Work task: Some lines in the data below hold the string "Pokemon". Report how many, as a bare number.

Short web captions
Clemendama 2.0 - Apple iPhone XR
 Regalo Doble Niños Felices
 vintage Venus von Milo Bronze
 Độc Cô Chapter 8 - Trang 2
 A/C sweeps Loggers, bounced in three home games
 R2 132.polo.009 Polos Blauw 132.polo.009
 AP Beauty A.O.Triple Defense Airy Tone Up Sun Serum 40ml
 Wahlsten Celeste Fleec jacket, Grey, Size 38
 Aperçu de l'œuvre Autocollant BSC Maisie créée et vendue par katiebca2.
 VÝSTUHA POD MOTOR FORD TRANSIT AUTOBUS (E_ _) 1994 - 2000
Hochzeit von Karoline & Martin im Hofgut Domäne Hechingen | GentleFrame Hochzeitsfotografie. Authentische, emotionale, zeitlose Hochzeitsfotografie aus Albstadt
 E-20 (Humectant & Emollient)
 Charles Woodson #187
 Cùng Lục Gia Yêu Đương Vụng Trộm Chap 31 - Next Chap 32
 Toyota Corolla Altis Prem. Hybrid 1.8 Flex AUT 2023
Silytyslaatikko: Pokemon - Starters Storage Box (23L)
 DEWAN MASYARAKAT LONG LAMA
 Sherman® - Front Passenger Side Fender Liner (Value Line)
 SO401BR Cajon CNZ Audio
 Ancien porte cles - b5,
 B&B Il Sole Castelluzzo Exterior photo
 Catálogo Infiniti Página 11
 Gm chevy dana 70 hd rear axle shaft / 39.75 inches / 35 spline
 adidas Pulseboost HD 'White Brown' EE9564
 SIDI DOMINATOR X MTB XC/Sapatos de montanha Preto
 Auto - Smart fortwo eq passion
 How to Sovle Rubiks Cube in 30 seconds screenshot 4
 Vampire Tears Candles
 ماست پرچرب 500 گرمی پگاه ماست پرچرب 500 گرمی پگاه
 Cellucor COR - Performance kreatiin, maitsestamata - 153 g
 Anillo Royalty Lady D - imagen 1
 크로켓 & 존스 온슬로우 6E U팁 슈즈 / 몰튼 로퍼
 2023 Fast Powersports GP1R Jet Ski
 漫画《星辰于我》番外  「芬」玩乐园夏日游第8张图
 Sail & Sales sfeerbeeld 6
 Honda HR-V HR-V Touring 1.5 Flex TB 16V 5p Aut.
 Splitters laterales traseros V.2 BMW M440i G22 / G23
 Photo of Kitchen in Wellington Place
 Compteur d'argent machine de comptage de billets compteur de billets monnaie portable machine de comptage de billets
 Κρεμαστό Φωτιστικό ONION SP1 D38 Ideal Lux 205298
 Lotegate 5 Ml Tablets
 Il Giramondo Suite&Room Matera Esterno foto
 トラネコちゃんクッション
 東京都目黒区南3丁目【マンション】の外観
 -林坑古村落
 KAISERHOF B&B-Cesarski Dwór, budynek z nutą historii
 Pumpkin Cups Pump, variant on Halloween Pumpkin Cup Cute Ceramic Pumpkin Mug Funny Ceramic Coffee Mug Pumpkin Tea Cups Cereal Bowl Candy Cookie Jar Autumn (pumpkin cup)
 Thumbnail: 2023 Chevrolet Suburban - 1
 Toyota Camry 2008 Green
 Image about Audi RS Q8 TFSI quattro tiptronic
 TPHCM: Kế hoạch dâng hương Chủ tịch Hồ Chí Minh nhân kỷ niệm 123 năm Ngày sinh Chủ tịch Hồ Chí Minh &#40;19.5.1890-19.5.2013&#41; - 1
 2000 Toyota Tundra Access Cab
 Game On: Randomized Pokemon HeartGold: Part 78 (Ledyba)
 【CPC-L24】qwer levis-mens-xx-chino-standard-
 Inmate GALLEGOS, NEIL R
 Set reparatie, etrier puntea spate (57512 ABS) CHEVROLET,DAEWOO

Written answer: 2